This securitisation covers loans issued under the previous system that operated until 2012. Specifically, it will include the accounts of customers who entered repayment between 2002 and 2006.
The previous system meant universities could charge a tuition fee loan of up to £3,465 a year; post-2012 this fee can now be up to £9,250.
In February this year, the government started the sale process as part of a commitment to cut the deficit and reduce debt to “live within our means as a country”.
The government said it would only sell the loan book if it received “value for money” – which was assessed by comparing the value of payments received by retaining the book, with the immediate proceeds from a sale. Johnson said the sale exceeded the HMT Green Book valuation.
Ministers will shortly be laying before parliament a report on the sale which will provide more detail on the sale arrangements and the extent to which they give value according to HM Treasury Green Book rules.
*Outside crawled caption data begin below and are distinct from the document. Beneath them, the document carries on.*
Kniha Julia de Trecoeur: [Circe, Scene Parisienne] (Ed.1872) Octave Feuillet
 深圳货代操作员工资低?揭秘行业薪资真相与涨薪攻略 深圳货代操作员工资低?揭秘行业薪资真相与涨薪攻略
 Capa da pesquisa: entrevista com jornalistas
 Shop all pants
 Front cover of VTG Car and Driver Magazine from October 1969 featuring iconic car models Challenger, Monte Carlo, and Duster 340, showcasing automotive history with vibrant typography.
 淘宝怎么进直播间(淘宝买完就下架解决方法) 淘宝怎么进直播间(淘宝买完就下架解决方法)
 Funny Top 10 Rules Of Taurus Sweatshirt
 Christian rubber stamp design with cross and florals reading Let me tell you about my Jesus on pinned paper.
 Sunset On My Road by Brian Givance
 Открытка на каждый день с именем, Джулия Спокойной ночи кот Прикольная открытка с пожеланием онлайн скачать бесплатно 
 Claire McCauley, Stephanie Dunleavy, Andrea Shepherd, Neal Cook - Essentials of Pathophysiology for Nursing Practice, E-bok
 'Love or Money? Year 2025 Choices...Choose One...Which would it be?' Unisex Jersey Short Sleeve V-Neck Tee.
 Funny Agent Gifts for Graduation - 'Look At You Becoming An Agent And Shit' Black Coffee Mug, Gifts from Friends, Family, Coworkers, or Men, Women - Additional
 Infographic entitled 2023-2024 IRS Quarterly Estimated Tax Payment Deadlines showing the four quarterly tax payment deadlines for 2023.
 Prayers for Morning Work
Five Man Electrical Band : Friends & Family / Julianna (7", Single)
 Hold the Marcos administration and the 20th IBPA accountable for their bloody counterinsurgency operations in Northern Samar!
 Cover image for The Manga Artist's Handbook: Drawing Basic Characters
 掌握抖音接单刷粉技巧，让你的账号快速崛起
But for now, Johnson has announced the position of all borrowers, including those whose loans have been sold, will not change as a result of the sale.
Pam Tatlow, chief executive of MillionPlus, the association for modern universities, said: “It will be interesting to see if the government has offered an indemnity to the buyers of the student loan book in the event that it changes the rules under which the loans are repaid.
“However, rather than the proceeds of the sale being beavered away into Treasury coffers, it should be reinvested in higher education and more support for the students of today and tomorrow. The government removed their entitlement to student maintenance grants in 2016, saying that they were ‘unaffordable’. There could be no better use of the £1.7bn than to restore these maintenance grants with immediate effect.”